ASSIGNMENT: Return the lines of the material below exactly, beginning with the line that has "Platinum White Pearl" in it and finishing with the line that has "Mjolnir Triquetra - Argent Massif soldes" in it. Leave all pictures aside.

DATA Start Marker

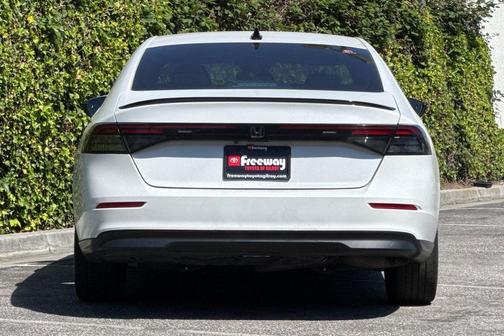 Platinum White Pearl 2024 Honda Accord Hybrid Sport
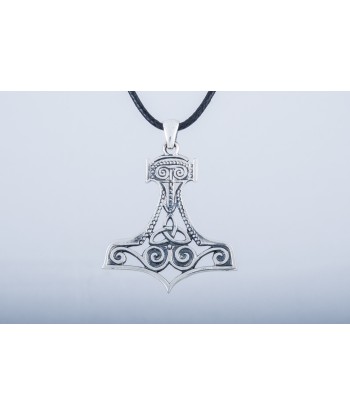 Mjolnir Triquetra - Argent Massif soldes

DATA End Marker
DATA Start Marker

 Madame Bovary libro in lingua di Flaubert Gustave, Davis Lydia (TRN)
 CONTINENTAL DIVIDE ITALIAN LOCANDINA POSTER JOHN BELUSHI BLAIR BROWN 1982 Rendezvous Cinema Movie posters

DATA End Marker
DATA Start Marker

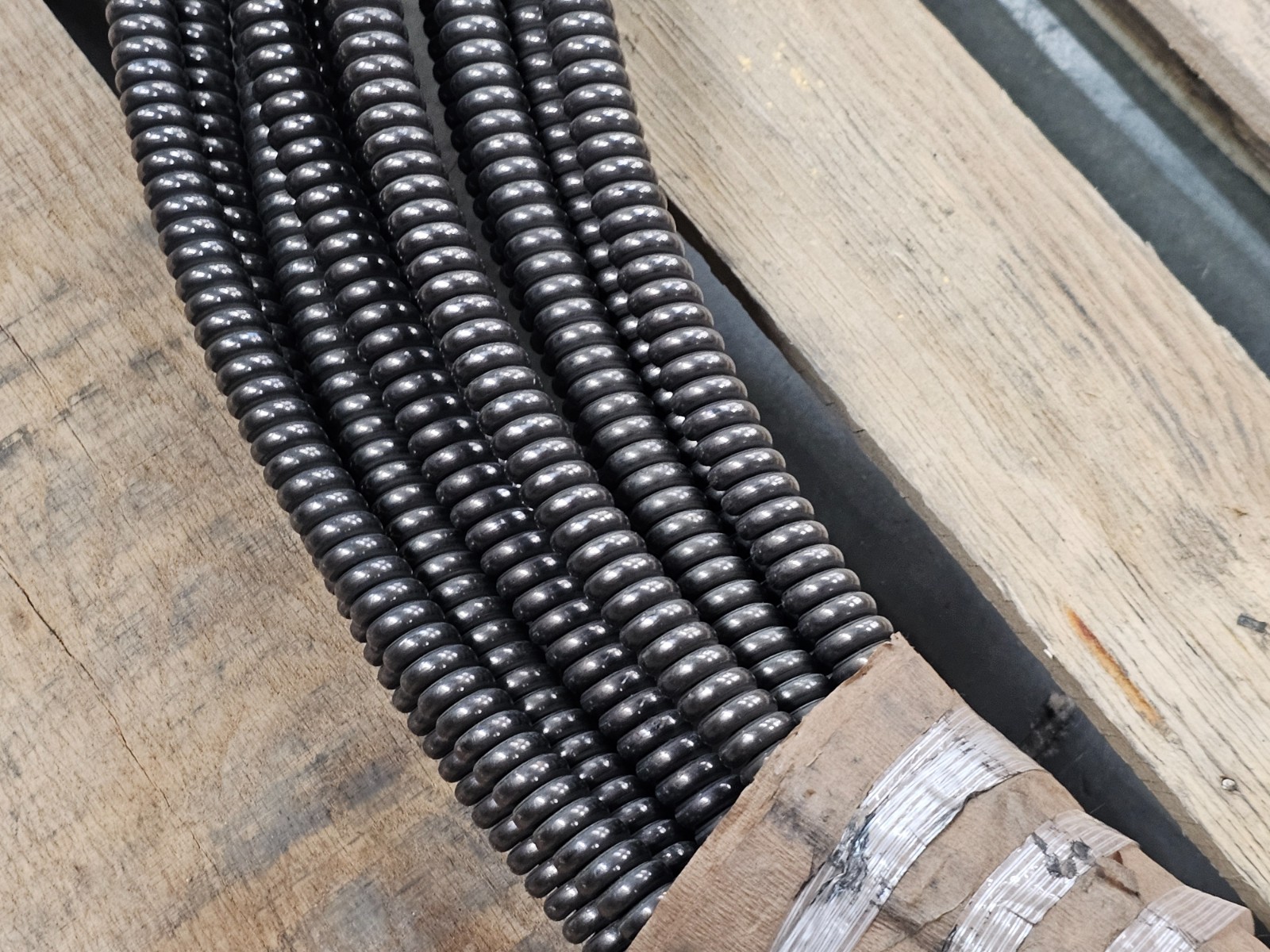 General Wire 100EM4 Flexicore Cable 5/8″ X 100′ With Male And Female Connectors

DATA End Marker

WRITTEN RESPONSE:
 Platinum White Pearl 2024 Honda Accord Hybrid Sport
 Mjolnir Triquetra - Argent Massif soldes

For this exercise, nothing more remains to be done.